(Short web captions)

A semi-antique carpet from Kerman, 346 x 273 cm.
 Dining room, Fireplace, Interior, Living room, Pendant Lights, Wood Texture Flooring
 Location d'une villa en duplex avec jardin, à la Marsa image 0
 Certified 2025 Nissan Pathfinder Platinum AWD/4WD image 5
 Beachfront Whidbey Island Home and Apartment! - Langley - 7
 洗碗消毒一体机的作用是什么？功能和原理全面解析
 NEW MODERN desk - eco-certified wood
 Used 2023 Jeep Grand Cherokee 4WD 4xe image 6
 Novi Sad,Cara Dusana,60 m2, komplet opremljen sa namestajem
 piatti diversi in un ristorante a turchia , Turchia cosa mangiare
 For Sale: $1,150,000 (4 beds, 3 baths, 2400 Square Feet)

● **AIM OF THE EXERCISE**
Report every line of the entries that carries the word "image".

● **RESULT FOR THIS EXERCISE**
 Location d'une villa en duplex avec jardin, à la Marsa image 0
 Certified 2025 Nissan Pathfinder Platinum AWD/4WD image 5
 Used 2023 Jeep Grand Cherokee 4WD 4xe image 6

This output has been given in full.